Fresh from filming his latest project Scumdog Millionaire in India, the acclaimed Brit talent made a special appearance at Goldsmiths, University of London last week to speak at the Olive Till Memorial Event.
Invited by Stuart Till, son of Olive, chair of the UK Film Council and the man who gave Boyle's first film Shallow Grave the go-ahead for distribution, Boyle talked about his influences, his experience and gave advice to the assembled Screen School students.
As a huge fan of all the director's work, Leisure went along to ask Danny if there will be a 28 Months Later, find out his plans for Trainspotting follow up, Porno, and hear about the highs and lows of his career.
You're famed for genre-hopping and each film being dramatically different from the last. You've also said as you get more successful it becomes harder to control what you're doing. How do you balance you ideas with the constraints and expectations of the industry
Basically, you just follow your heart really in whatever you choose to do. There's a lot of positioning goes on. You mention the quote about getting successful. Especially when you have a success, all the agents in America are trying to get you to do stuff.
There's sort of things you should do. A franchise movie, especially these days, at the moment, because they've become a de rigueur for a director to be part of the franchise and make a franchise your own and all that sort of stuff.

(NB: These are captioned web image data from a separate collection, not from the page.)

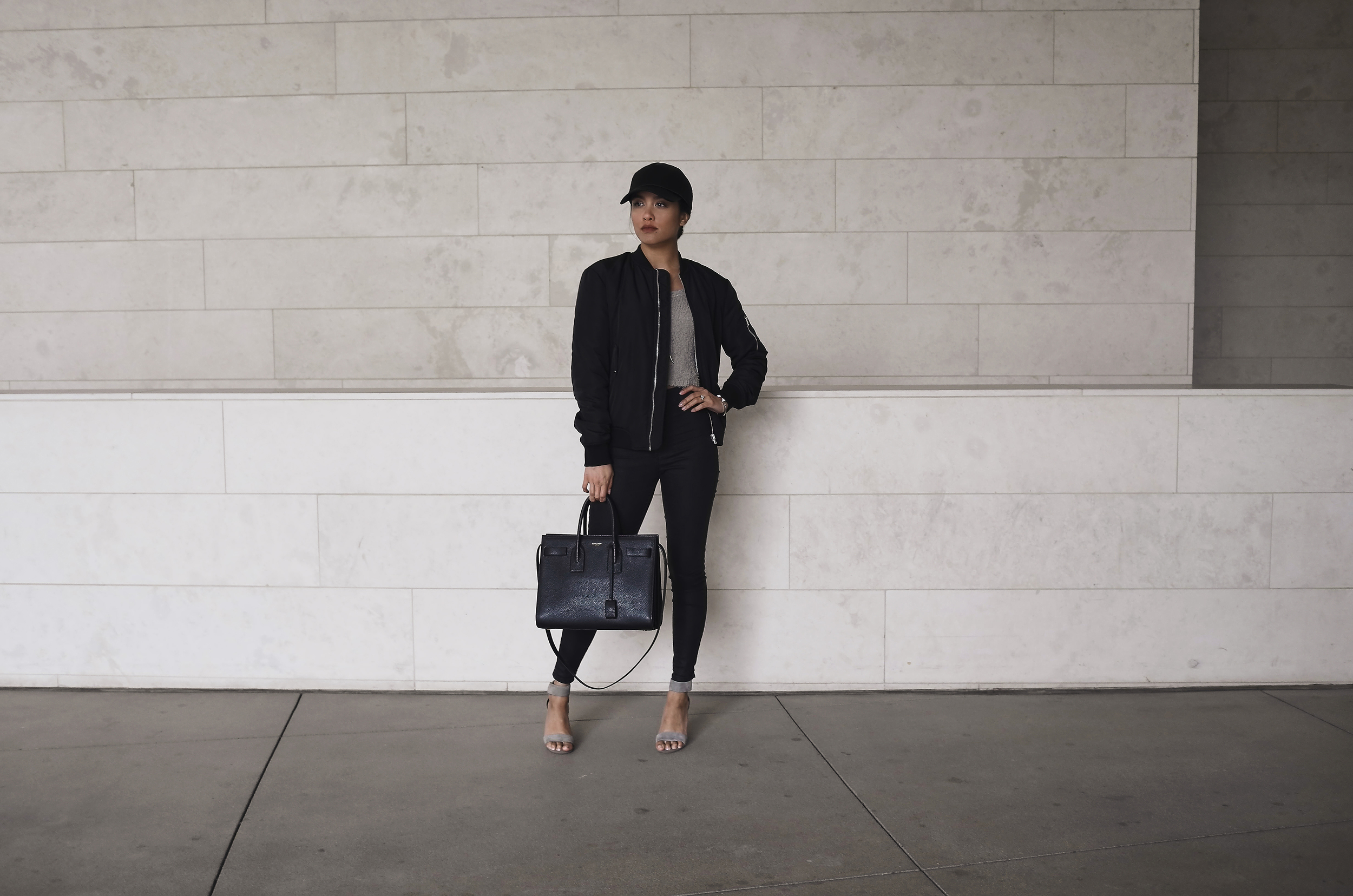  zara bomber ( s. ) | minkpink top ( s. ) | topshop jeans | j.campbell heels | UO cap | ysl bag | j.storm necklace photos shot by michael alvarado & edited by sean martin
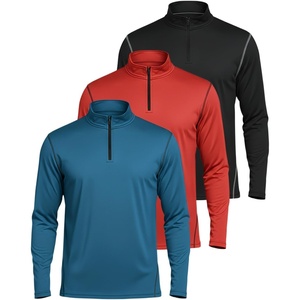 image:image3 Pack Mens Dry Fit Quarter Zip Long Sleeve Athletic Workout Golf ShirtsSet K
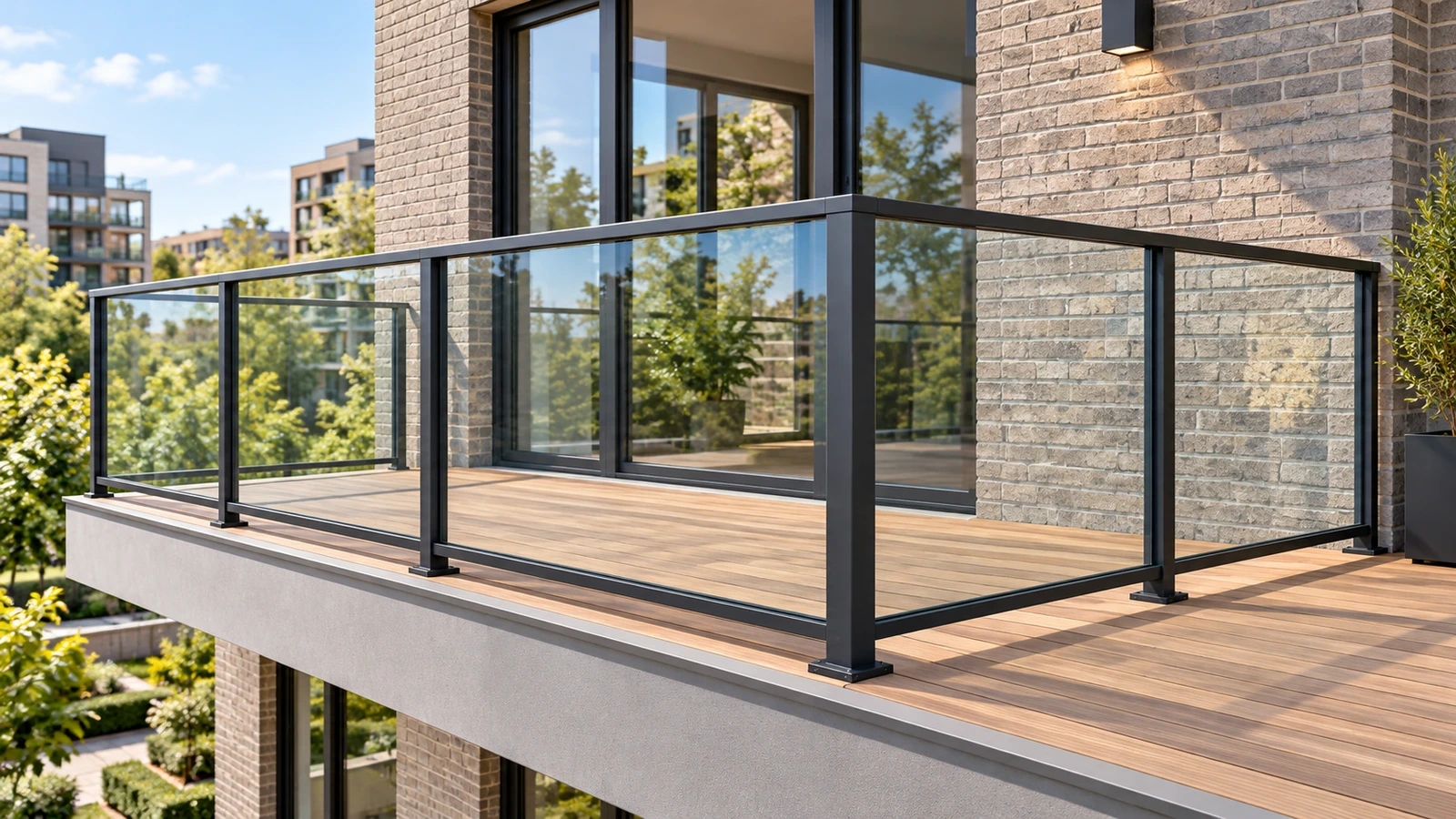 Clear glass panels enclosed by graphite aluminium posts and continuous upper and lower rails on a brick apartment balcony.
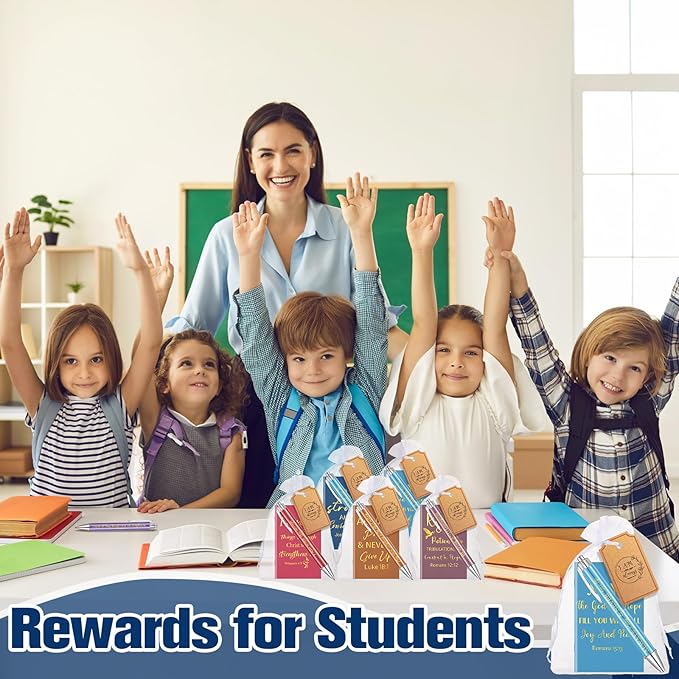 200 Pcs Bible Verse Sets Church Christian Gift Include 50 Scripture Notebooks 50 Bible Bamboo Pens 50 Thanks Tags 50 Organza Bags for Women Man Christian Party Gifts(Colorful,Novel)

You can do those things and there's nothing wrong with doing those things but I've always responded to scripts or ideas and just followed those regardless of if they make sense or what kind of scale they are at the time.

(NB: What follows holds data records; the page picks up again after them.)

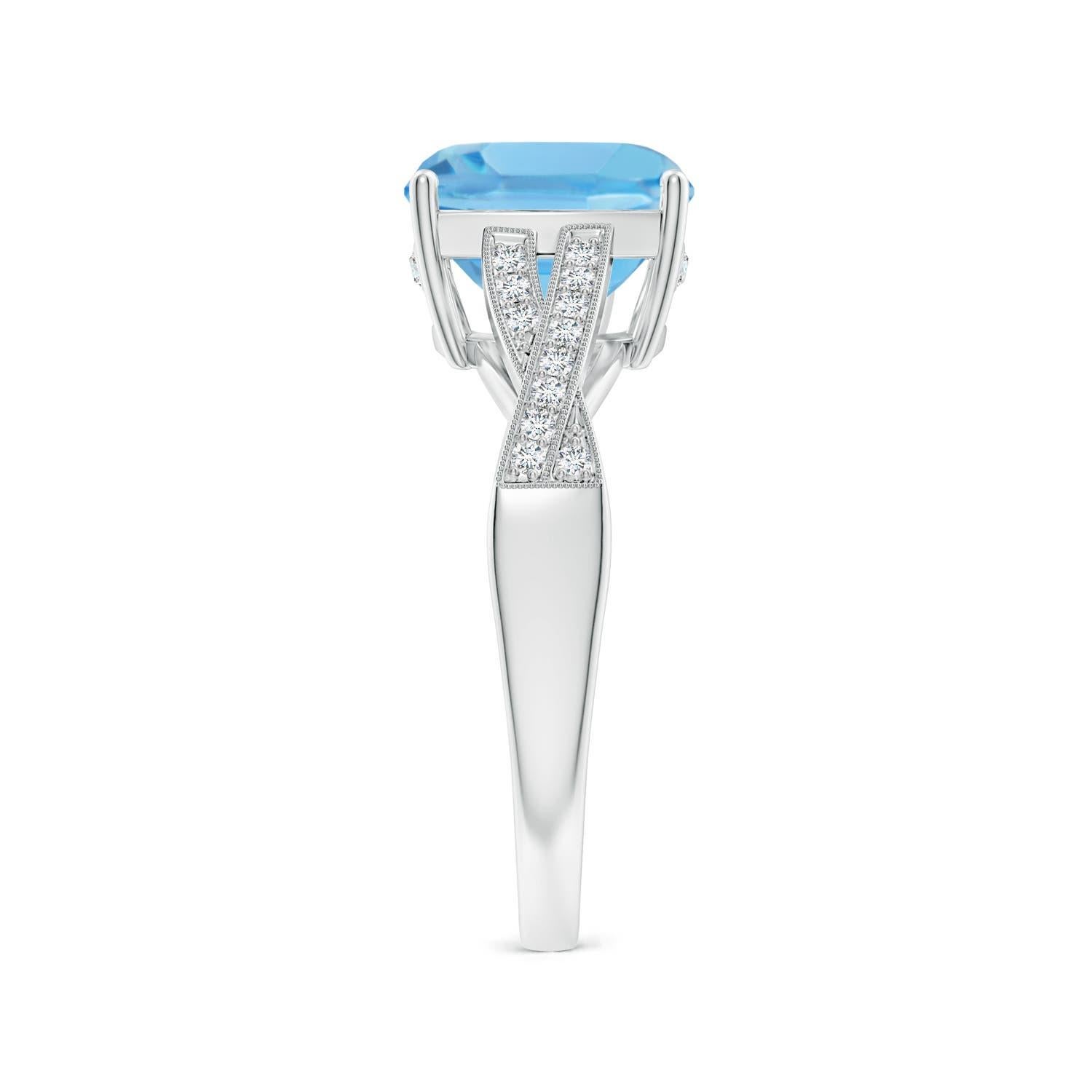 Cushion Cut Angara Natural Solitaire Cushion 3.3ct Swiss Blue Topaz Diamond Ring in 14 Gold For Sale
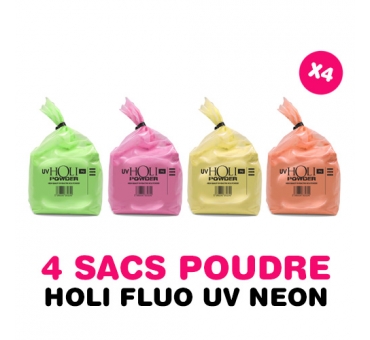 4 sacs de 2kg de Poudre Holi FLUO UV CF
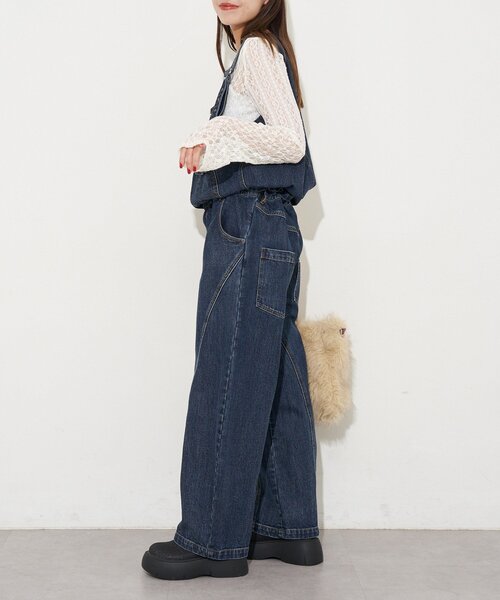 CIAOPANIC（チャオパニック）の「【ANTI WARP /アンチワープ】セパレートデニムオーバーオール（サロペット/オーバーオール・レディース・ピンク/ベージュ/ブルー・LARGE/MEDIUM）」の19枚目の写真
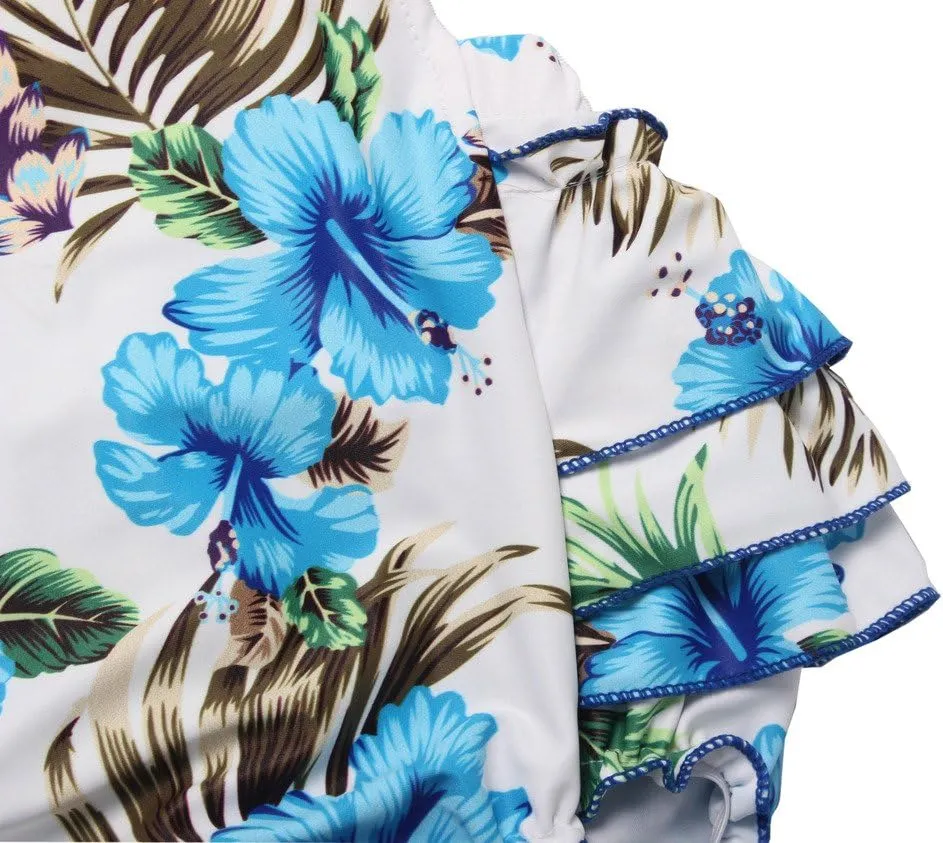 One Piece Redbub Floral Ruffles Rompers Bathing Suits Dress with Headband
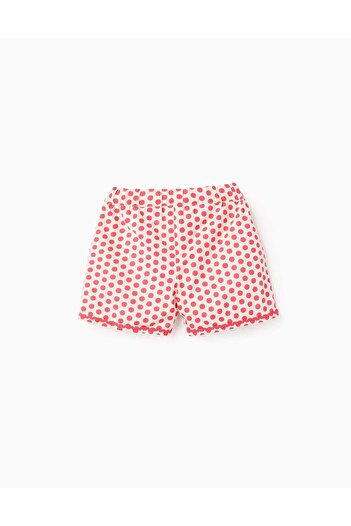Ziddy Polka Dot Cotton Shorts for Girls, Red/White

And then you can never blame anyone if it turns out crap, which sometimes they do, and when they don't really work you can never really blame anyone because you can't then say I should change agents' I shouldn't have done that'.

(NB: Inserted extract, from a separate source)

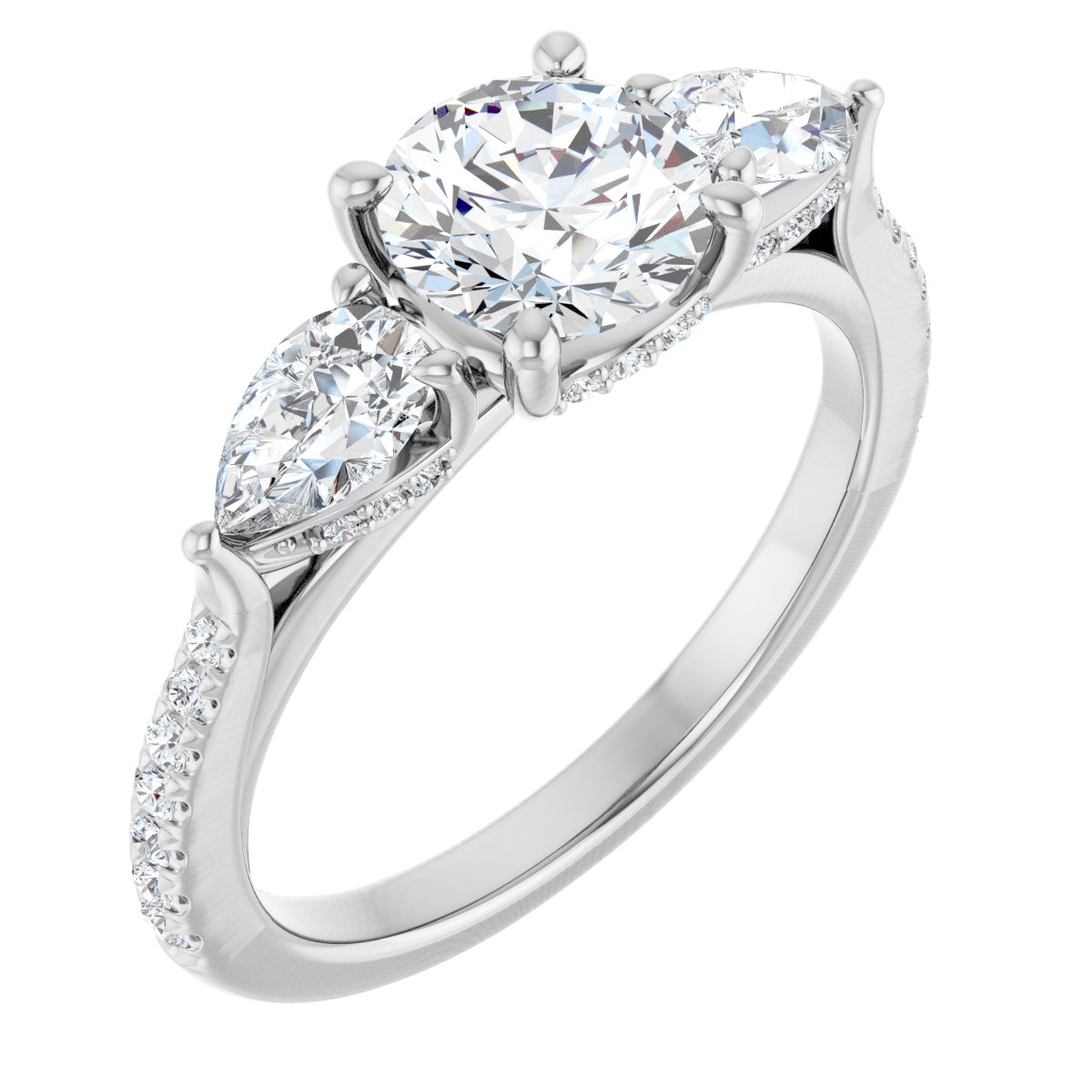 Natural Diamond Round Three-Stone Engagement Ring Semi-Mount - Platinum - Series 123480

You take responsibility for it yourself really.
And it's fantastic to do different things because a lot of the job is very boring, in a way. I'm sure it looks very glamorous from a distance but a lot of it is very, very boring.
95 per cent of directing is organising people, just like any administrative, managerial job really. Getting good people in, keeping them happy, making sure they're in on time, all those kinds of things.
It can get very boring, so if you're making the same film again and again it would be compounded, that feeling. And you always try and search for something different.
I always search for something that's going to be a challenge and make it really difficult for you.
So you try and make a film with kids, which is a challenge and I've just made a film in India with an all Indian cast which didn't speak much English and that's a huge challenge. Those are the sort of challenges that you set yourself.
I'm trying to make an animated film and stuff like that. It's all about trying to do stuff like that really and not worry about how it looks in retrospect. If it looks a bit of a mess, then it looks a little bit if a mess.
They turn out the same anyway. That's one of the worst things is that you're making the film and you think that's the same fucking film I've just made'. They feel like it sometimes. You think that's the same scene, how did that get there?'
This is a quote from Xan Brooks' review of The Beach in Sight and Sound. "DiCaprio spreads his towel all over The Beach. It's a classic example of Hollywood muscle run riot". What is your response to that?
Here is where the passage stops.